Each fold is then used once as a validation while the k - 1 remaining folds form the training set.
Parameters
n_splits : int, default=5
Number of folds. Must be at least 2.
(Changed in version 0.22: n_splits default value changed from 3 to 5.)
shuffle : bool, default=False
Whether to shuffle the data before splitting into batches. Note that the samples within each split will not be shuffled.
在分割成批之前是否打乱数据。注意,每个分割中的样本将不会被打乱。
random_state : int or RandomState instance, default=None
When shuffle is True, random_state affects the ordering of the indices, which controls the randomness of each fold. Otherwise, this parameter has no effect. Pass an int for reproducible output across multiple function calls. See Glossary.
Methods
get_n_splits(X=None, y=None, groups=None)
Returns the number of splitting iterations in the cross-validator返回交叉验证器中分割迭代的次数
- Parameters参数:
X : object
Always ignored, exists for compatibility.
y : object
Always ignored, exists for compatibility.
groups : object
Always ignored, exists for compatibility. - Returns返回:
n_splits : int
Returns the number of splitting iterations in the cross-validator.

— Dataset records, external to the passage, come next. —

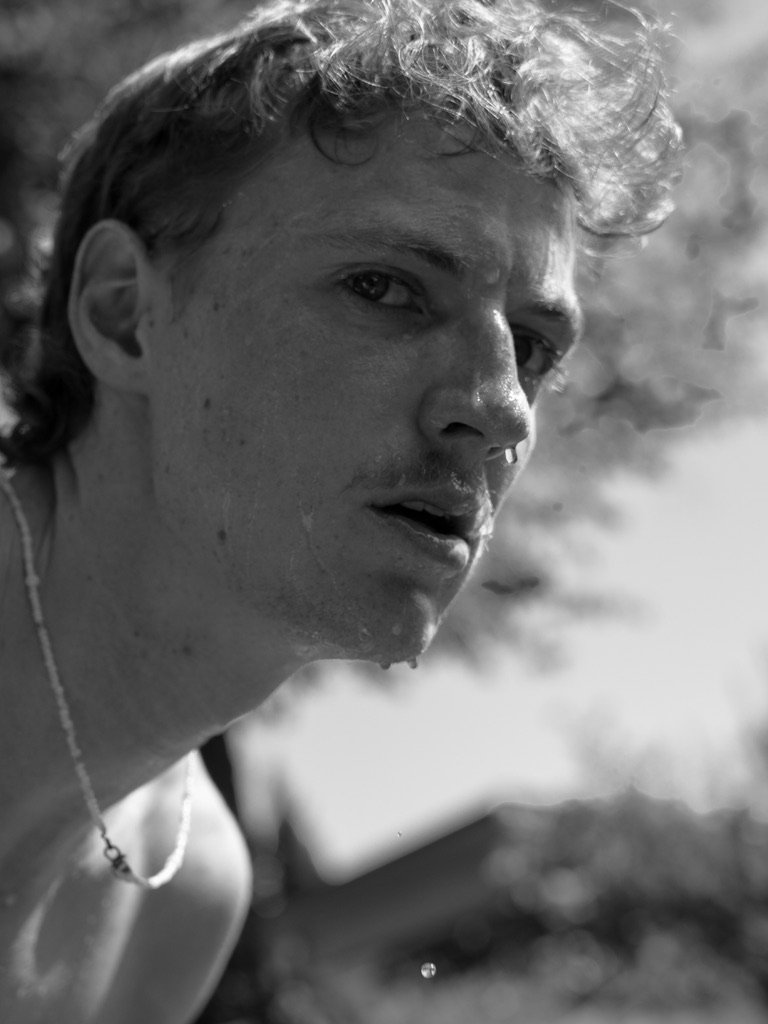A close-up black-and-white photo of a young man with curly hair, looking intently at the camera with a slightly open mouth, outdoors with a blurred background.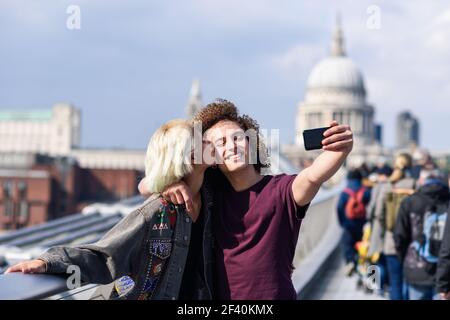 Couple heureux prenant une photo de selfie sur le Millennium Bridge de Londres&rsquo, sur la Tamise. Couple heureux prenant une photo de selfie sur le Millennium Bridge de Londres&rsco Banque D'Images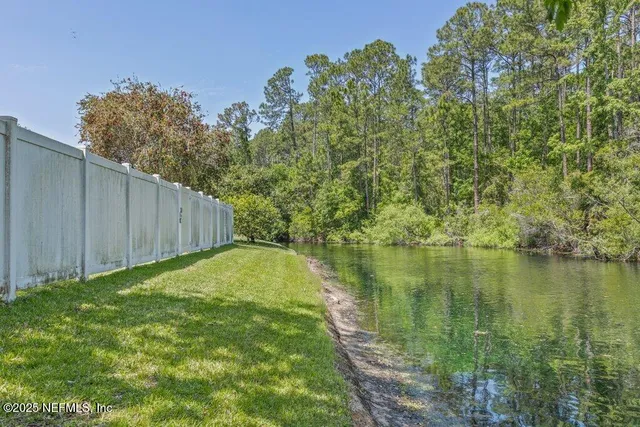 a view of a lake with a yard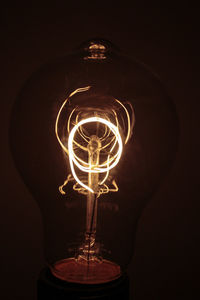 Close-up of illuminated light bulb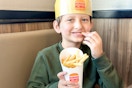 a young boy eating fries at burger king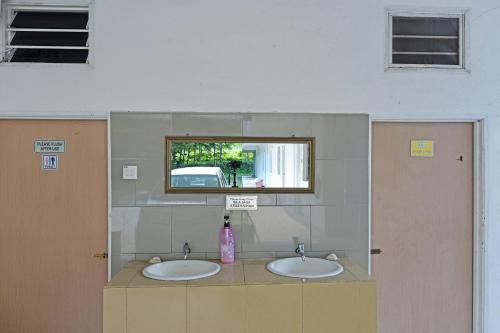 a bathroom with two sinks and a mirror at OYO 90879 Eleven Inn in Kuah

split(X, y=None, groups=None)
Generate indices to split data into training and test set.生成索引将数据分割成训练集和测试集。
-
Parameters
X : array-like of shape (n_samples, n_features)
Training data, where n_samples is the number of samples and n_features is the number of features.y : array-like of shape (n_samples,), default=None The target variable for supervised learning problems. groups : array-like of shape (n_samples,), default=None Group labels for the samples used while splitting the dataset into train/test set.
-
Yields
train : ndarray
The training set indices for that split.
test : ndarray
The testing set indices for t